We've talked about the profound changes in racing that electric motor-driven cars would represent: viewtopic.php?t=2599

Some pictures and quotes from that link:

Atom X1 beating a Porsche Carrera


Comment by the Porsche driver: "It never occurred to me that I would lose," says Kim Stuart, the Porsche's driver. "It was like a light switch. He hit the pedal and was gone."

Atom electronics: total control of traction (no need for traction control at all, it's done through regulation of engine)

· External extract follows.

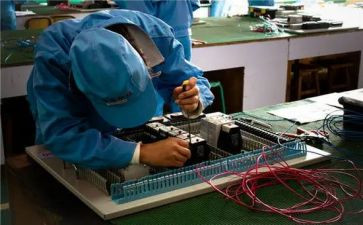 电工的述职报告8篇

The engine that beat a Porsche


That's the future (at least for me), not the pathetic attempts at KERS that FIA is making, as mx_tifosi, WhiteBlue, Miguel and others point out.

[checkered]

Hi Everyone,

I am no technical guru at all but I thought that Maybe the use of the refrigerant gas as used in air conditioners, passed through the brake calipers / disks could be used. The resultant high temperature gas could be used to "Boil Water" produce Steam and drive a turbine

Now who would have thought of a steam driven F1 car

Hi rodders47, there certainly is

a thermodynamic logic to your thinking which I like. Starting Kinetic Energy Recovery System off on a path that is configurable, from the very beginning, with Heat Energy Recovery (it is being proposed to be introduced only slightly later on than KERS) can be a very, very wise and forward-looking thing to do. Weight savings in integration and simplicity, higher overall efficiency, much more time for optimising of the cycles and designs, that sorta thing. Plus I'm something of a turbine buff, so I'm just happy to see other people exploring the use of those as well. That can also make me somewhat biased as well, so as to make that clear.

I wouldn't put it past a host of teams considering something that is (basically) the same kind of an idea that you've envisioned (there'd be quite a number of ways beyond yours to physically arrange for something like this, while the basic elemental ideas remain). While some outfits seem to move along a chosen path with KERS already - as Honda apparently is with their Flybrid/Torotrak arrangement - others like Toyota are said to be considering between something like 25 different approaches, no less. The situation is (I hope you'll allow the pun) fluid and steaming in other ways as well, the manufacturers rebuffing Mosley's abrupt invite during the Monaco weekend to discuss the merits of shortening the engine freeze by two years.

Autosport.com and Grandprix.com had quite different takes on the matter. While some of it inevitably was down to the sorry state of current F1 politicking, the intriguing part is that the manufacturers' response left ample room for a significant development in drivetrain technology having appeared closer to the horizon than previously thought. Again, a system that'd achieve such a rapid shift before 2013 might well prove to to have some relation to ideas such as yours. The totality of a phase cyclical system in a viable form, for example, need not conform with the current F1 layout. Some components will inevitably be completely novel and their distribution completely different to a traditional disk brake system.

The already evident economic experiences of locales and countries reaping the benefits of breaking the dependency of energy cycles to carbon is surely behind any future drive. It just makes a World of economic sense. Of what I stated above, it should be remembered that a strict differentiation between developments within and without F1 rules is imperative. I didn't make a good job of it here, but as a rule of thumb, regulation is reactive and in a venture like F1 it remains wholly subordinate to the World at large. For the two to be nothing but "joined at the hip" would be a tragic brake in an intrinsic tradition.